O prazer de traduzir Maigret

Desde 1986, Paulo Neves dedica-se à tradução. Para a L&PM, já traduziu, entre outros, Sartre, Balzac, Stendhal, Rousseau e muitas histórias de Simenon vividas pelo famoso comissário Jules Maigret. No momento que acaba de entregar mais um Simenon inédito no Brasil, Uma confidência de Maigret (que ele considera um dos melhores que já traduziu), Paulo nos falou sobre Maigret, processo de tradução e sua carreira como escritor e poeta. Vale a pena ler essa entrevista e descobrir o que pensa e sente o responsável por fazer com que os livros de Simenon – e de tantos outros autores – sejam lidos em português. Aliás, em bom português.

L&PM: Você acaba de traduzir o seu 16º Maigret. Qual é a sua relação com as histórias do famoso comissário criado por Georges Simenon?

Paulo Neves: Desde que traduzi o primeiro em 2006, curiosamente Memórias de Maigret, passei a ter uma relação muito íntima com esse personagem. Não só porque gosto do gênero policial, das investigações de um Dupin, de um Sherlock Holmes, de um Hercule Poirot. O caso de Maigret é diferente: para ele importa menos decifrar do que compreender o crime, com todas as suas implicações sociais e psicológicas. Sua maneira de investigar, ao mesmo tempo metódica e compassiva, suas dúvidas, a consciência de suas limitações e a honestidade consigo mesmo, contêm algo de uma ética estoica. Simenon não muda muito o quadro de suas histórias: os lugares e os crimes se repetem, ele insiste nos hábitos, nos cachimbos de Maigret, mas isso de modo algum cansa o leitor, que aos poucos vai se impregnando do sentido mais profundo dessa rotina. Foi o que descobri também como tradutor, confrontado à linguagem despojada e aos diálogos curtos que Simenon utiliza para que as coisas fiquem, mais do que entendidas, subentendidas. Isso requer muita precisão narrativa.
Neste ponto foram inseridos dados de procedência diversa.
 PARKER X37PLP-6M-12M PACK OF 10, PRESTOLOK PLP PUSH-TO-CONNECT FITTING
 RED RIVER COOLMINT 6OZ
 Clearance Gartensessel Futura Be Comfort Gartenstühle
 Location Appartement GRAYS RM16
Há outro aspecto que me atrai particularmente nas histórias de Maigret. São as paisagens apenas entrevistas de Paris, por ligeiras pinceladas impressionistas que mostram as ruas, as árvores, o céu, as mudanças de estação do ano, a vida miúda da cidade. Estive lá uma única vez, exatamente há quarenta anos, muito antes de sonhar que seria tradutor e que passaria a habitá-la em imaginação através de vários autores franceses traduzidos, como Balzac, por exemplo. Mas Simenon tem sido meu guia favorito, talvez porque reencontro, nas suas descrições breves, aquela impressão vaga da minha memória distante, como o vestígio de um sonho. Para quem lê ou para quem traduz, a imaginação é mais importante do que a presença real. Pode ser que algum dia eu retorne a Paris, mas nunca deixei de vê-la através dos olhos de Maigret.

L&PM: Na sua opinião, quais são os melhores Maigret de Simenon?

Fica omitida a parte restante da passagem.